March of the Unemployed
Historical Re-enactment with EE
Chicago, IL, March 6, 2011

Pocket Guide to Hell Presents the Great Hull House Hunger Procession of 1915

In honor of the 150th anniversary of Jane Addams' birth and recognizing Hull House's continued commitment to social and public policies that impact the lives of the communities it serves, I propose to stage a reenactment of the 1915 Hunger Procession to recognize the 1500 men, women, and children who marched from Hull House to petition City Hall to address Chicago's high unemployment rate. With the city's current unemployment rate hovering around 10.5%, which is higher than it was in 1915, this is an opportune moment to remember the efforts of past Chicagoans to respond to this challenge. Whereas the original procession was a protest, the reenactment will be more like a parade, commemorating the courage of activists like Lucy Parsons, Irwin St. John Tucker, and Jane Addams while drawing attention to current Hull House programs like CTC, HELP, and Re-Thinking Soup, all of which continue the work of these individuals in the present.

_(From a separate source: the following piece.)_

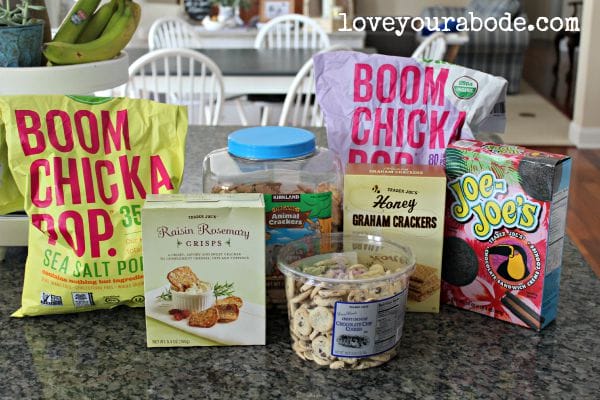 Back to School Organizing: Lunch and Snack Prep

On January 17, 1915 the Hull House-sponsored League of the Unemployed convened in Bowen Hall to discuss the unemployment crisis that was bringing many Chicagoans to the brink of starvation. While some 900 people—immigrants and native-born, laborers and hobos, progressives and radicals—filled the Hall, an equal number crowded the street, straining to hear speeches by everyone from nationally-known activists like Lucy Parsons to a neighborhood baker. After a quick vote, those gathered decided to march north on Halsted in the direction of City Hall. Despite meeting with fierce resistance by the police, the marchers managed to make it as far as Madison before the procession was forced to end. While the marchers lost that day—twenty-one people were arrested for "rioting" and "parading without a license"—they later, with the support of Jane Addams, won in court. The 1915 Hunger Procession remains a strong affirmation of the constitutional right to free assembly and to petition the government with grievances.

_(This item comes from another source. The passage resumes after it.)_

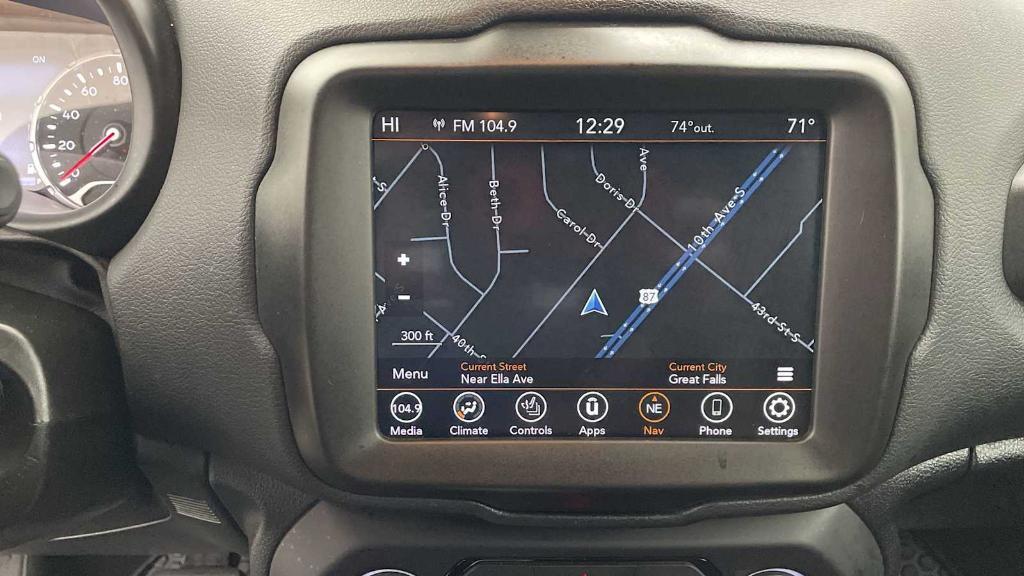 used 2023 Jeep Renegade car, priced at $25,795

Pocket Guide to Hell's Great Hull House Hunger Procession of 1915 will follow the original route along Halsted from Polk to Madison. At each intersection my collaborators and I will restage a key moment from the event in order to bring the past into the present. At the beginning of the Procession, I will encourage spectators to join in as the hunger marchers themselves, making the experience an interactive one. Afterward we will gather at the Dining Hall for conversation, refreshments, and the opportunity to share experiences with unemployment either in person or as messages posted to the bulletin board, similar to what I saw at Re-Thinking Soup. These messages as well as documentation of the Procession will be given to the Hull House Museum for its archives. The event will last approximately two hours. It will be free and open to all, just like the original procession.